State Rep. Cory Mason, D-Racine, wants to turn that around. Wisconsin does not yet know its share of a recently announced federal stimulus grant program to provide more than $11 billion nationwide for energy efficiency projects. But Mason — under a bill introduced this week — would use the money in a revolving loan program that would combine the stimulus money with investment from private utilities to encourage more homeowners to weatherize their homes.
Mason said his bill would help homeowners pay for improvements, create weatherizing jobs and stretch the stimulus money.
The idea, Mason said, is simple. If the average home weatherization estimate is $6,500, few families are likely to follow through.
“Most folks just don’t have that right now,” he said.
But if the state can provide low or no-interest loans to families considering weatherization, he said, that is an incentive for the homeowners to get the work done and expands job opportunities for the industry.
Instead of homeowners getting the grants directly from a set amount of stimulus money, Mason said, the program would allow borrowers to repay loans through utility or municipal bills. It also would encourage private utilities to invest in the program, he said, and the combination of public and private money can be sustained for years and potentially weatherize thousands of buildings.
Mason announced the bill Monday at the First Choice Pre-Apprenticeship Training Center in Racine.
Olatoye Baiyewu, First Choice’s executive director, said he wants the bill to open up opportunities for more hiring and weatherization work, but a jobs boom will not happen if the work is confined to private homes.
“If and when contractors start looking at commercial properties to do these weatherization projects,” he said, “that’s when you’re really going to see more work happen.”

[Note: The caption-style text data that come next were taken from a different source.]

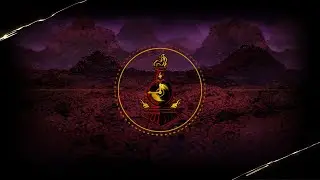 Limbus Company OST - Canto III Battle Theme C2
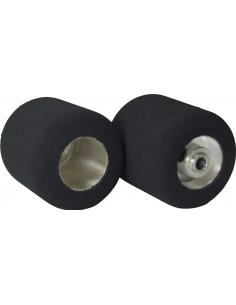 0.765"D 11mmH 3/32"A... 2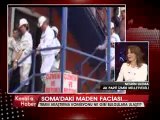 AK Parti İzmir Milletvekili Nesrin Ulema'dan Çok Çarpıcı Çatı Adayı Açıklaması (Ekmeleddin İhsanoğlu)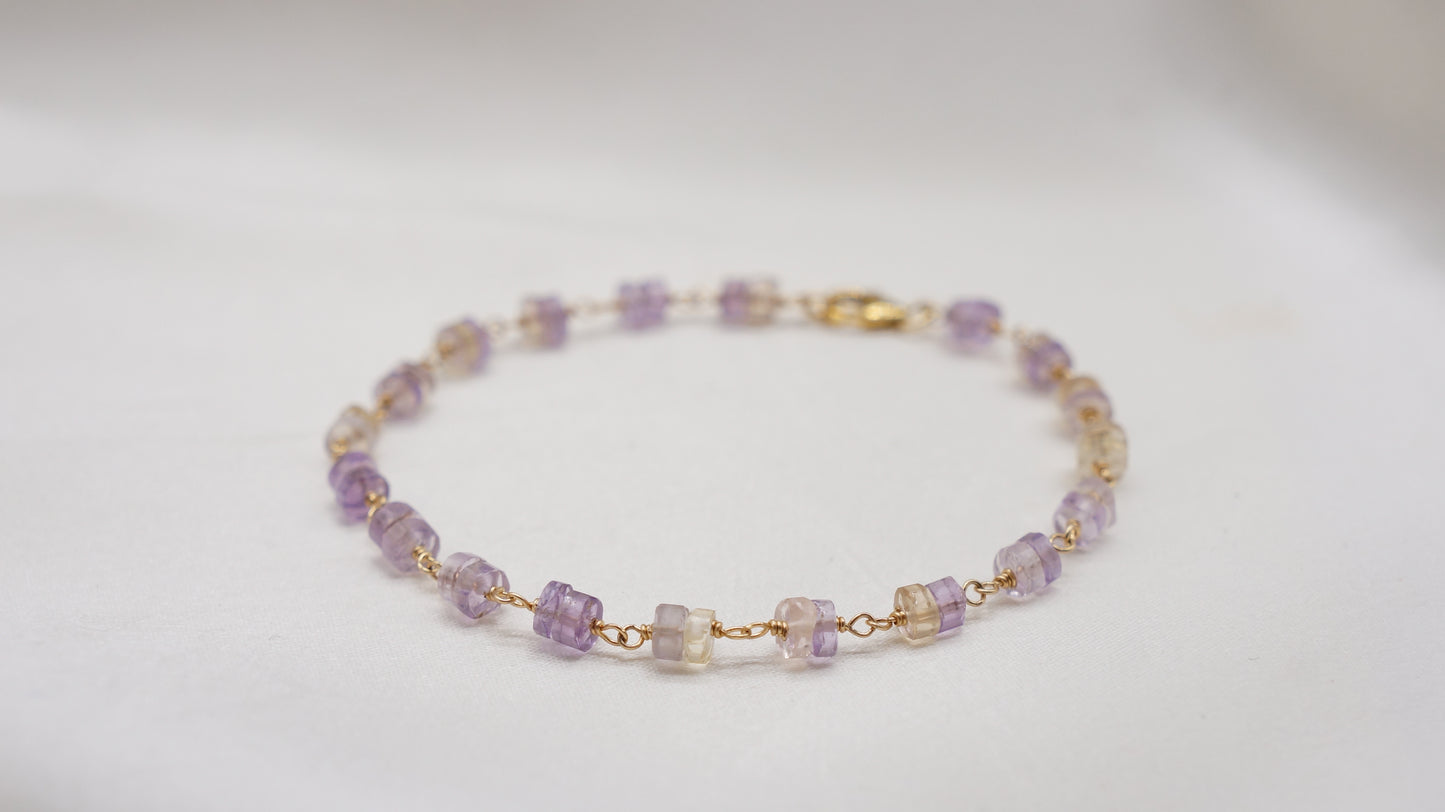 Spirit Bracelet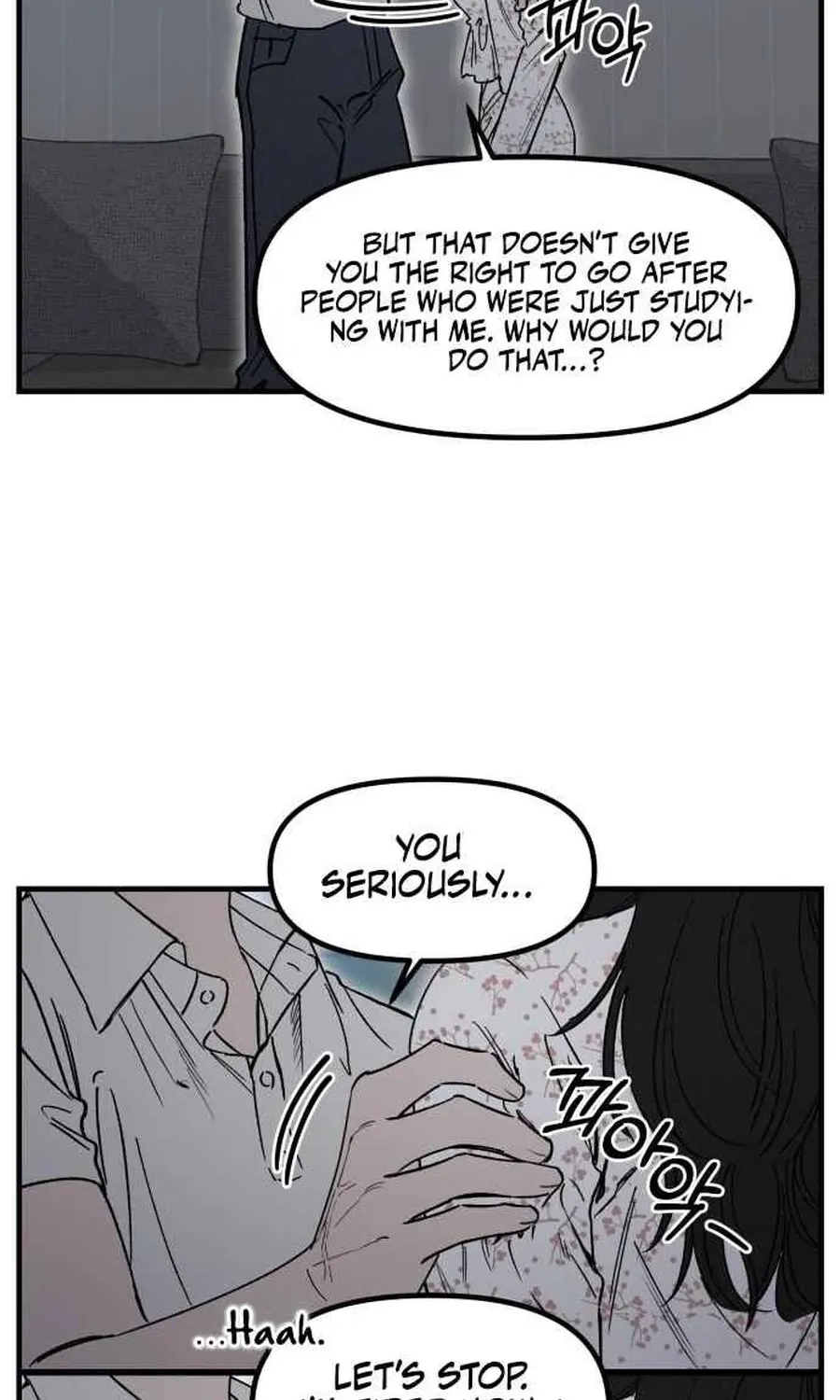 Chapter 18 — page 30
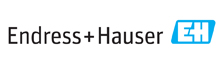 Endress+Hauser Group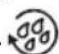 DELONGHI Active Line ICM14011 - Pozor! Nebezpečí opaření. - 2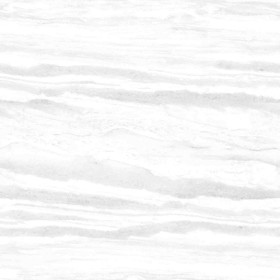 Textures   -   ARCHITECTURE   -   MARBLE SLABS   -   Blue  - Slab marble azul blue texture seamless 01967 - Ambient occlusion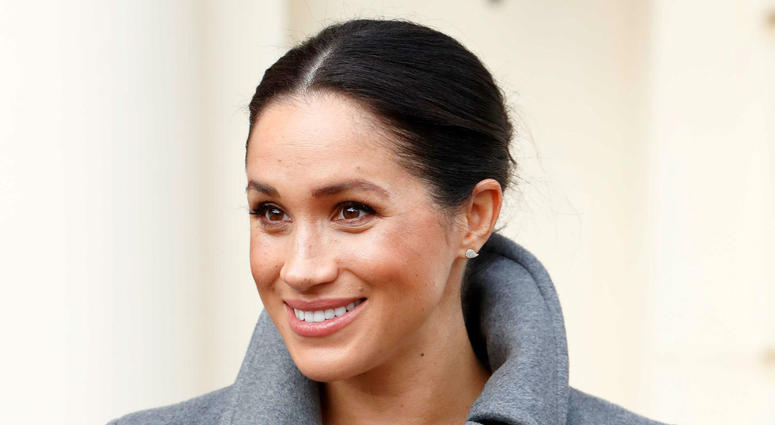 The Duchess of Sussex is to become the patron of four charities supporting vulnerable women, education, the arts and animals, Kensington Palace announced. Meghan, Duchess of Sussex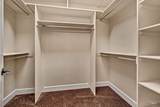 5922 Ulmer Ln - Photo 21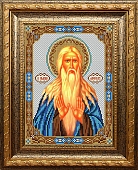 Макарий
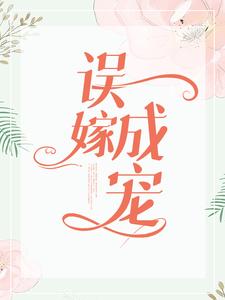 《误嫁成宠贝琳贺明光梁制片林一凡》贝琳贺明光梁制片林一凡
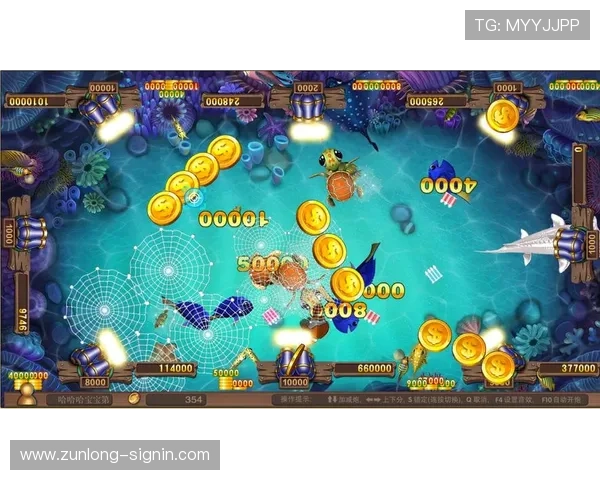 尊龙用现金娱乐一下下载旧游戏最新优惠活动推荐不容错过 尊龙用现金娱乐一下下载旧游戏最新优惠活动推荐不容错过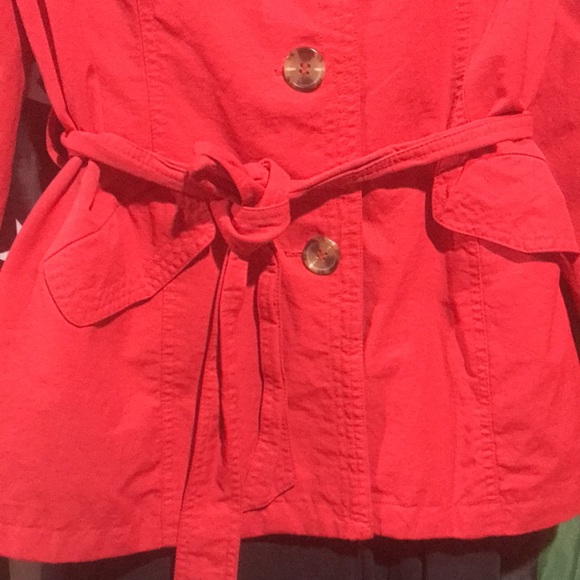 Giacca gallery company jacket - Picture 3 of 11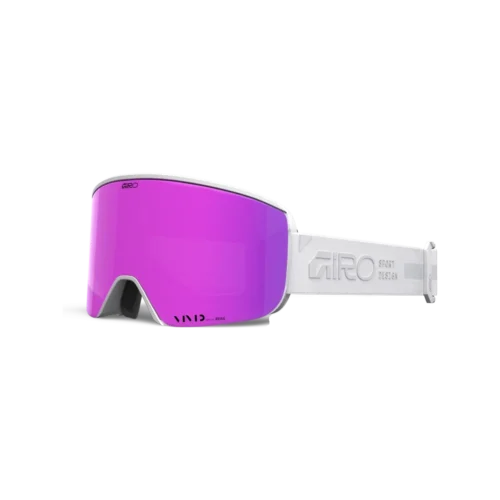 giro-w-ella-vivid-goggle-white-rails-vivid-pink-s2-s1-1-2 Giro w ella vivid goggle white rails vivid pink s2 s1 1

Westring, whose company renovates and remodels homes and commercial buildings, said most of his recent projects have been for homeowners.
“I think in the last year, I’ve done maybe four commercial building jobs,” Westring said. “I think that work might increase, particularly if these incentives are out there, but as of now there hasn’t been a whole lot of activity on that end.”

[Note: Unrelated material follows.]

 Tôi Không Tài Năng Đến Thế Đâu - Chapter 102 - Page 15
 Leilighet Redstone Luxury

Even if the work is limited to residential projects, it would be welcomed by Anna Fell, a labor apprentice for Laborers Local 113 who is laid off for the season.
“As far as how long people will be able to work on these weatherization projects, I don’t know,” she said. “But there are a lot of guys I know that haven’t worked at all in months. We’ve lost a lot of companies that have been around for awhile. If the government can help people put money back into the economy, that helps.
“There are a lot of people wondering how they’re going to afford next month’s bills.”
In addition to homeowners keeping a close eye on their wallets, weatherization work also has been slow because the state is still trying to develop a market for it, Mason said.
“There are about 2.2 million buildings in this state that need retrofitting,” he said. “The federal government is not going to send Wisconsin enough money to weatherize every one of them. So you have to create that market. You have to make sure employers are there and you have to make sure workers are trained.”
Plenty of contractors are prepared to handle weatherization projects, Westring said. But the question is whether low or no-interest loans will turn his prospects into contracts.
“I’m hopeful,” he said. “I think if there are incentives, it can provide a big help. But it’s still too early to say what’s going to happen. I haven’t seen a big jump in the work in some time.”